Alternatively, an Event can be used:

ready = Threads.Event()
Threads.@spawn begin
    wait(ready)
    # use intermediate[]
end
...
   intermediate[] = something
   notify(ready)
...

Didn’t look into this deeply, but here’s one difference:

This dereferences intermediate before composition, so before the composed function is executed.

This only dereferences intermediate in the body of the closure.

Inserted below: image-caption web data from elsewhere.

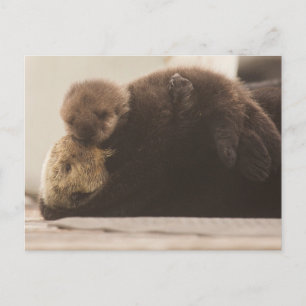 Carte Postale Animaux bébés les plus mignons   Jeune loutre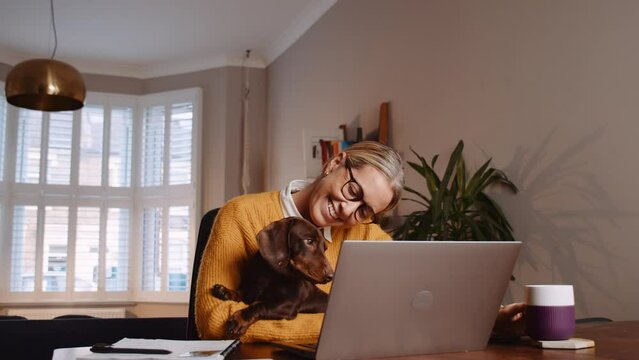 Caucasian female woman working from home holding pet puppy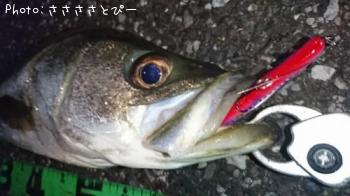 ¥·¡¼¥Ð¥¹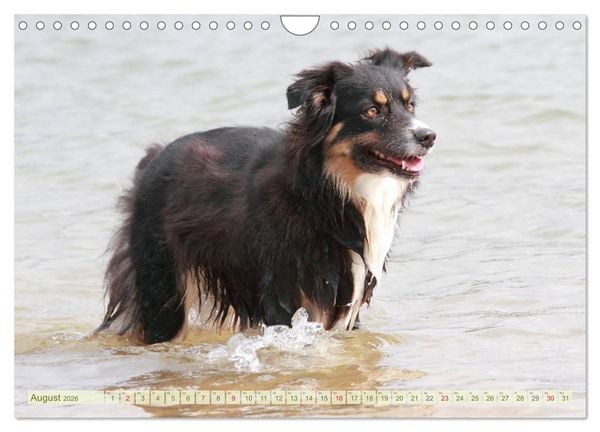 Produktbild: Australian Shepherd - H&uuml;tehunde mit Familienanschluss (Wandkalender 2026 DIN A4 quer), CALVENDO Monatskalender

Profiling, Cthulhu, etc. could tell you more.

1 Like

Thank you for your prompt reply! First, great to learn about FunctionWrapper.jl. :smiley: Next, thank you for the explanation about accessing intermediate. I was not aware that f(g ∘ h) works differently from f() do x; g(h(x)); end, as the first call looks up the current value of g ∘ h, forwarding it to f as the argument, while the second call looks up g and h at each call of the function which has been given to f as the argument. Thus, the function composition operator is not just syntactic sugar. Please correct me if I am mistaken.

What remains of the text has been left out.